Reading List on Data Systems

A list of papers, articles, and online resources I have found essential to understanding data-intensive systems and building new data systems. The list is curated and maintained by Sujith Jay Nair (@sujithjay). If you think a paper should be part of this list, please submit a pull request here. I will add it to the list once I peruse the paper. Please make sure the subject-matter of the paper is within the realm of either i) understanding data systems, or ii) building data systems.

Data systems are defined to include:

  • Database systems
  • Data processing systems

This list is inspired by Reynold Xin’s list on Database Readings, and is a work in progress.

Table of Contents

  1. Consistency and Consensus
  2. Query Processing
  3. State and Stream
  4. Database Design

Consistency and Consensus

Query Processing

  • Apache Calcite: A Foundational Framework for Optimized Query Processing Over Heterogeneous Data Sources (2018): Explains the design of the Calcite project, which is a distributed query parser & optimizer for heterogenous data sources. Calcite is used in a host of data processing systems, such as Apache Flink, Apache Drill and others. This paper is particularly interesting to understand the concepts around query parsing (and transformation into relational algebra), query optimizations (such as predicate pushdown & column pruning), and logical & physical plan generation. It is worthwhile to compare and contrast this with the paper on Spark SQL (listed below). Although this paper came after the Spark SQL paper, the work predates it.

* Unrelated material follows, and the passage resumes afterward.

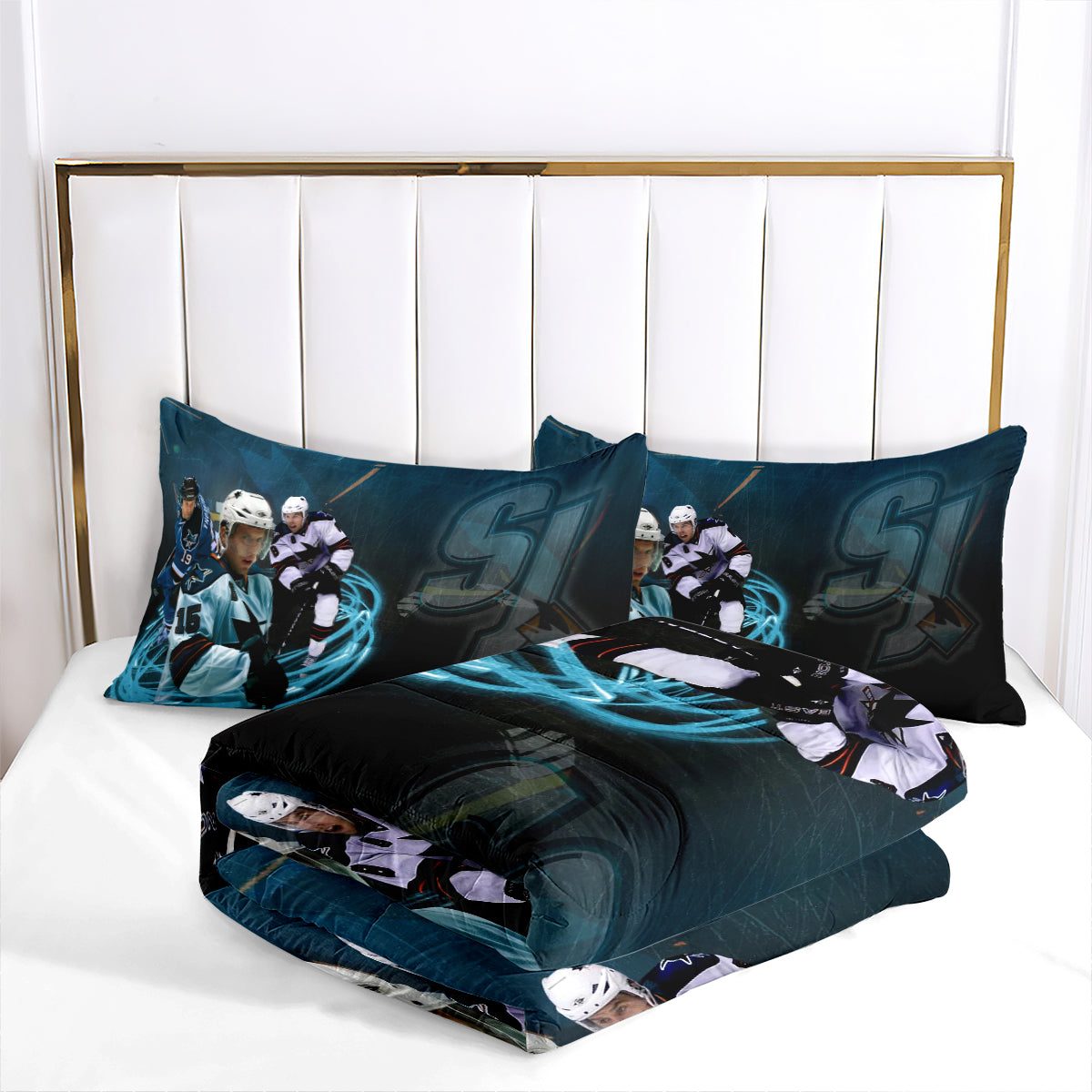 San Jose Hockey Sharks Comforter Pillowcases 3PC Sets Blanket All Season Reversible Quilted Duvet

  • Spark SQL: Relational Data Processing in Spark (2015): Explains the design of a distributed relational processing system in Apache Spark.

State and Stream

  • Data in Flight (2010): Introduces a model of streams as a superset of the relational model. Streams introduce a notion of time (processing-time, IMO) to the relational model. I explore a similar idea in this post. In a relational table, data is persistent and query is transient; in a stream, query is persistent and data is transient.

Database Design

  • Dynamo: Amazon’s Highly Available Key-value Store (2007): This paper on Dynamo (not to be confused with DynamoDB, which is ‘built on the principles of Dynamo’) is an excellent primer on understanding concepts behind high-availability storage systems; concepts such as Consistent Hashing, Sloppy Quorum, Anti-entropy processes, and Gossip.

  • Cassandra - A Decentralized Structured Storage System (2009): Cassandra is one of many data storage systems heavily influenced by Dynamo. However, important differences exist. I have written about it in this post.